I think one of the biggest challenges today is to get a good measurements of our TX power, almost 100% of the OMs heard reports "my power is about / aprox / near / something between x and y Watts" obviously this excludes those few lucky ones with access to professional instruments. In my knowledge the only "amateur" instrument that reaches up to 2.4GHz is the Daiwa CN-801S-II Meter which costs almost the same of a fully ready to go QO-100 station, and the not less expensive and hard to find Bird slugs. Few months ago I got one of this Chinese digital power meter (picture) that claims go from 1MHz to 5GHz, cheap, but so far can not tell if it is functional.
Their specs:
Measuring power range: -45~-5 dBm (external RF attenuator can be extended to 80dBm)

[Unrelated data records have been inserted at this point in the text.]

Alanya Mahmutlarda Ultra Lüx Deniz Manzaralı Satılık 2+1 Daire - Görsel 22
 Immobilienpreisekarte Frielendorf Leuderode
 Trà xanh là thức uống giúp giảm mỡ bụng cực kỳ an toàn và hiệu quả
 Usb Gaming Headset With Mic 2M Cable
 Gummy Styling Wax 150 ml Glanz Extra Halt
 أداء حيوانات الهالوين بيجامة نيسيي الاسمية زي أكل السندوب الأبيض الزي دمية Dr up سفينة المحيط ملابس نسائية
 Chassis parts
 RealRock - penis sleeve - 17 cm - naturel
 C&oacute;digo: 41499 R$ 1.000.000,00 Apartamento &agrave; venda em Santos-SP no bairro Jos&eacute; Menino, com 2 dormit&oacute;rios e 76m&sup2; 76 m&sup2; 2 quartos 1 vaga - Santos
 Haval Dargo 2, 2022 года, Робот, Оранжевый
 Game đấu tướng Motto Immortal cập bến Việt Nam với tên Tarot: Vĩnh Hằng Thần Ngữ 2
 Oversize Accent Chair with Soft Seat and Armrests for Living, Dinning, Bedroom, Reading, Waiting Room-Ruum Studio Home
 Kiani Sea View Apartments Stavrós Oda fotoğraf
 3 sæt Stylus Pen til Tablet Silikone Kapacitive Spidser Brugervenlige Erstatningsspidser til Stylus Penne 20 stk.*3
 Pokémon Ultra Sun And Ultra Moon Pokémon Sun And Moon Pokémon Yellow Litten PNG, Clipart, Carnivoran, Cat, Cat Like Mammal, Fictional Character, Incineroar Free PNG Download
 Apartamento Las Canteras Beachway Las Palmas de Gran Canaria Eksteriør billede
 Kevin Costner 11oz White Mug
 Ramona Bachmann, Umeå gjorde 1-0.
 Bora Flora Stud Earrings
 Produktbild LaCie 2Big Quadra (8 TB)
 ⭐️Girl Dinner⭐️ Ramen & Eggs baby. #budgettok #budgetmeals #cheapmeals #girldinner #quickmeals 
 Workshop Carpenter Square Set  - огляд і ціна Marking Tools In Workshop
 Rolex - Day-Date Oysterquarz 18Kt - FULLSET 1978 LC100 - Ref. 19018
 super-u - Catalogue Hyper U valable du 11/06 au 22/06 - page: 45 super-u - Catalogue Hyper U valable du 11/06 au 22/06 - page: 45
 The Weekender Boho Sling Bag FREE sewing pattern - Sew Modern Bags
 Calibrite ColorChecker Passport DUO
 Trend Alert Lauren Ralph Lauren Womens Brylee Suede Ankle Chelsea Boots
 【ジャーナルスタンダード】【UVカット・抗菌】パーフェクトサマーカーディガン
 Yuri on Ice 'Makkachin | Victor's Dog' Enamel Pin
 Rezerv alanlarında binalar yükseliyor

Measurement resolution: 0.1 dBm power
Measurement frequency range: 1 1MHz-5GHz
Measured power: 1nW ~ 2W
Working voltage: 5V DC (direct selection MICRO-USB powered)
Working current: <50 mA
Working temperature: -40 ° ~ 65 ° degrees Celsius
I just found that injecting a 0dBm @ 2.4GHz from a trustable source it displays -19.0dBm so I suppose I will need to input +19dBm in the correction factor to start, so I placed an external 20.4dB attenuator which brings the correction to +39.4dB.
Using SDR-Console I generated a CW tone on 2.4GHz @ 100% drive and got about 12.5dBm readout (picture), so for me it seems a little exaggerated but it is what is showing. Please let me know if you had made any testing with this type of instrument and the results, also how did you calibrated it?